Ибо попытки III Отделении\как-то «затруднить» общественное поклонение поэту: перемена места его отпевания (поначалу предполагавшееся в Адмиралтейском храме), перенесение тела ночью (по сути — тайком. и в присутствии большого числа жандармов) из пушкинской квартиры в «Конюшенную церковь», недопущение к телу Пушкина многих, желавших проститься с усопшим, — всё это явно выглядело несколько
«неловко».
И столь же мало оправданным было и «неожиданное» назначение Императором военного парада (на следующий день после отпевания Пушкина, когда гроб его стоял — в ожидании отправки в Святогорскй монастырь — в особом помещении при храме); при этом войска были специально расположены так, чтобы перекрыть все доступы к «Конюшенной церкви», а сама храмовая улица оказалась при этом занята различными армейскими обозами…

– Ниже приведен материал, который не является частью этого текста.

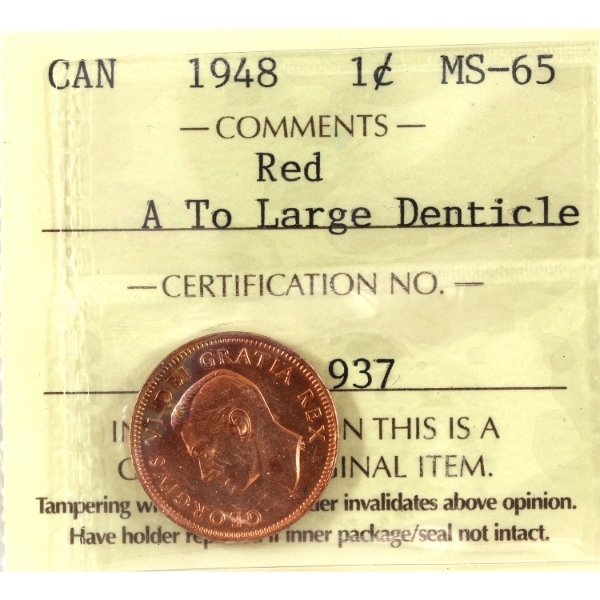 1-cent 1948 A to Large Denticle ICCS MS65 Red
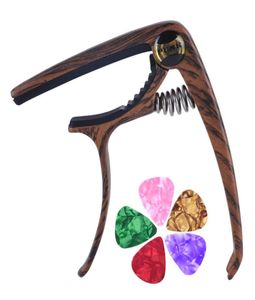Trigger Style Capos Wood Grain Zinc alloy Guitar Capo With Pull String Nail 6pcs guitar picks2522882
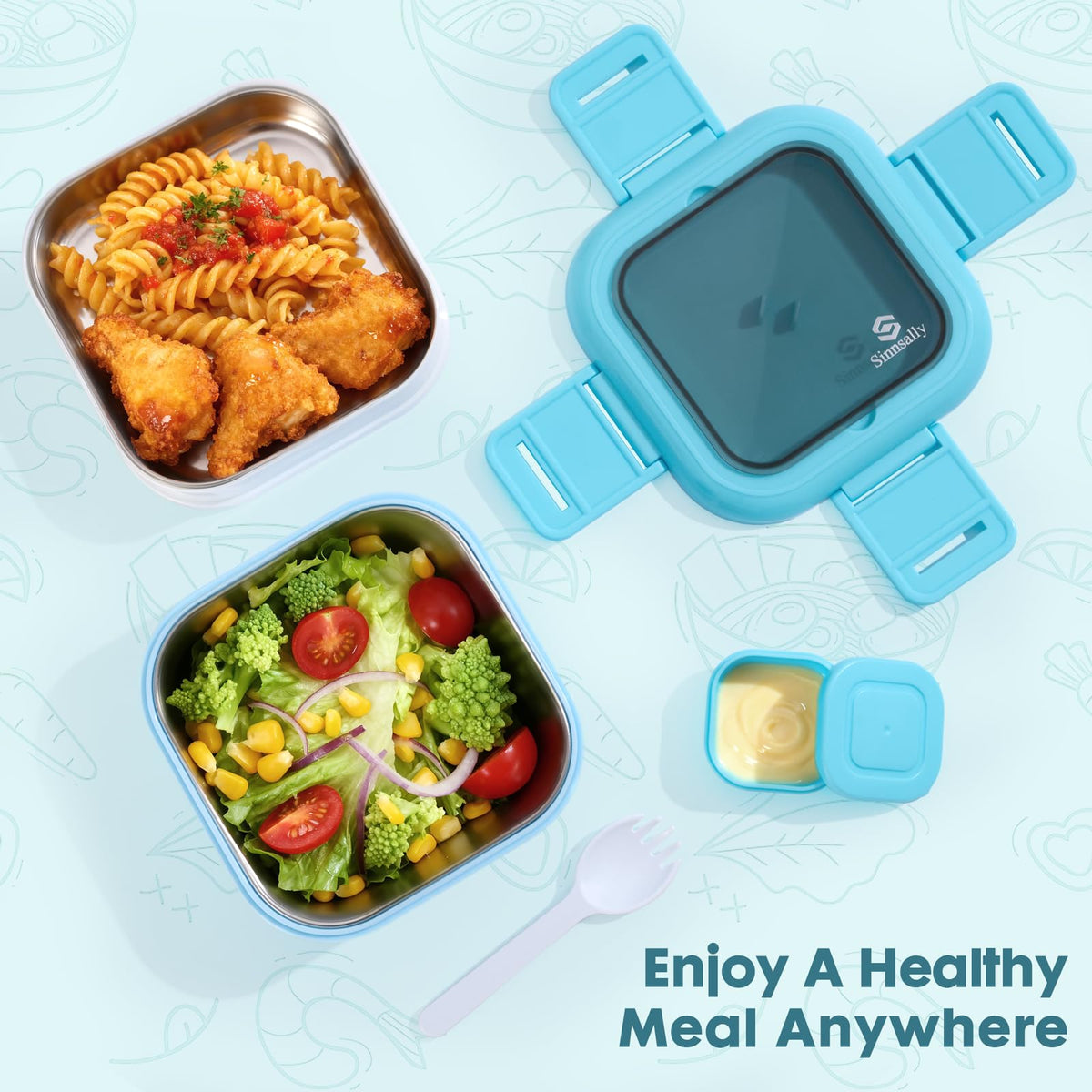 Sinnsally blue sauce jar for dressings and dips during lunch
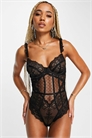 Боди с косточками, украшенное кружевом «Sweetheart» и сеткой в горошек, с бретелями с кружевными оборками артикул 121928348
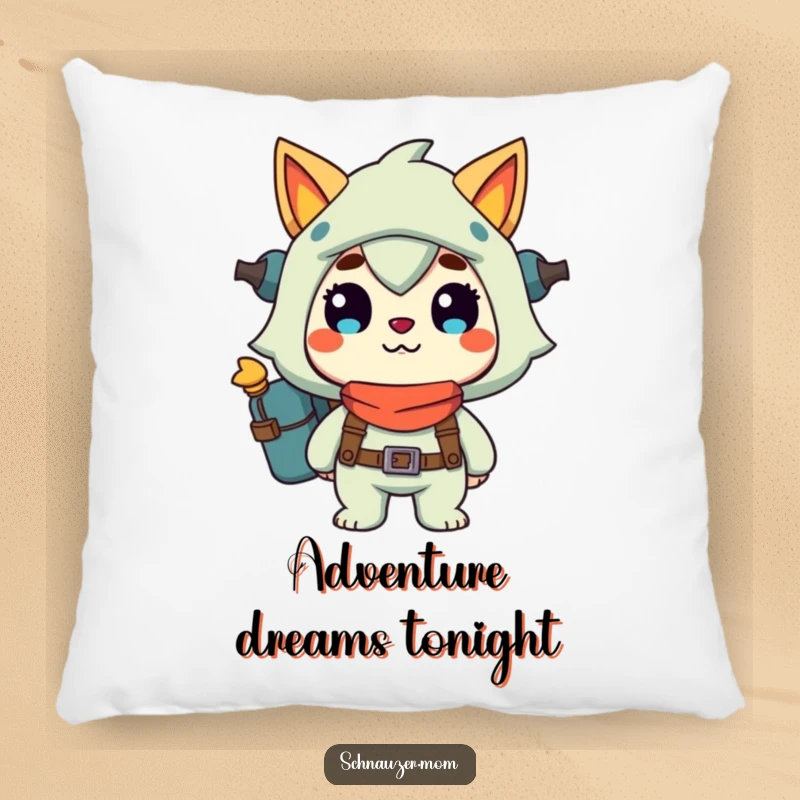 Funny Pillow: Soft accent pillow featuring a character ready for adventure with a happy grin, adding comfort and wanderlust vibes to any room, a great funny gift.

Действия III Отделения, имевшие место в Петербурге в ту пору и якобы должные тогда в корне пресечь «неприличную картину торжества либералов», на самом деле лишь загоняли проблему внутрь и оставались. по сути, не слишком действенными, но зато весьма раздражающими само российское общество, настроенное достаточно патриотично и явно уже требовавшее гораздо более серьезного к себе отношения… И тут деятельность Бенкендорфа — как и излишняя прямизна его мышления и самих его «определений» — «политически» представляются в известной степени весьма примитивными и почти что, можно сказать, «топорными»…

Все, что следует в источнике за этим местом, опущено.